A Lotty no le hizo gracia.
– Pareces de la CIA -me soltó cuando me paré en la clínica a contarle mi aventura-. Asaltando las oficinas de la gente, robándoles los archivos…
– No he robado los archivos -dije virtuosa-. Los he envuelto y se los he mandado por correo nada más levantarme. Lo que me preocupa desde el punto de vista moral es la chaqueta y los guantes que me he dejado allí. Técnicamente, la pérdida es un gasto de trabajo. ¿Crees que me lo deducirán si lo pongo en mi declaración? Puedo llamar a mi asesor.
– Hazlo -contestó.
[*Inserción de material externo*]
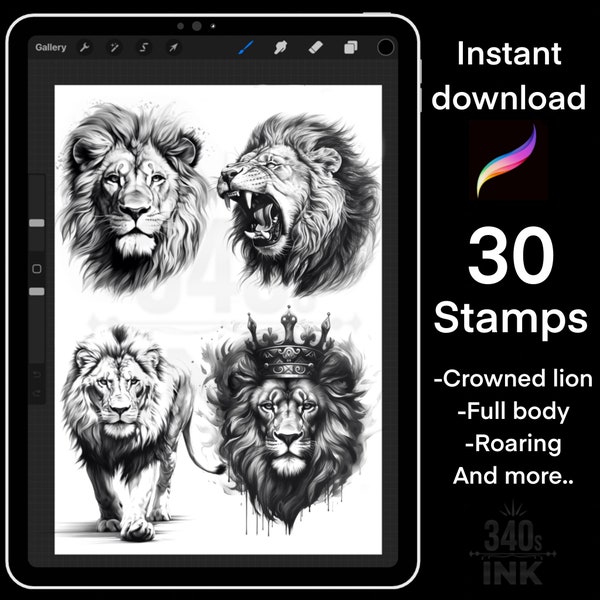 Detailed Lion procreate stamps, realism brushes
Su acento vienes se notaba como cada vez que se ponía furiosa-. Ahora vete. Tengo mucho que hacer y no quiero hablar contigo con el humor que tengo.
El asalto salía en las últimas ediciones. La policía especulaba con la posibilidad de que el vigilante interrumpiera al asaltante antes de que se pudiese llevar nada de valor, ya que nada de valor faltaba. Mis huellas están archivadas en la comisaría de la calle Once, así que esperaba que no apareciese ninguna que no pudiese justificarse por mi visita de negocios a la oficina de Tilford.
Lo que me preguntaba era qué harían con lo del nombre de Derek Hatfield en el registro de la Bolsa. Pensé en la manera de averiguar si interrogarían a Hatfield por ello.
Silbando entre dientes, puse en marcha el Omega y me dirigí hacia Melrose Park. A pesar del humor sombrío de Lotty, yo estaba encantada de mí misma. El típico fallo delictivo: das un golpe y luego no puedes evitar andar por ahí jactándote. Antes o después, uno ante los que te has jactado acaba yendo a la policía.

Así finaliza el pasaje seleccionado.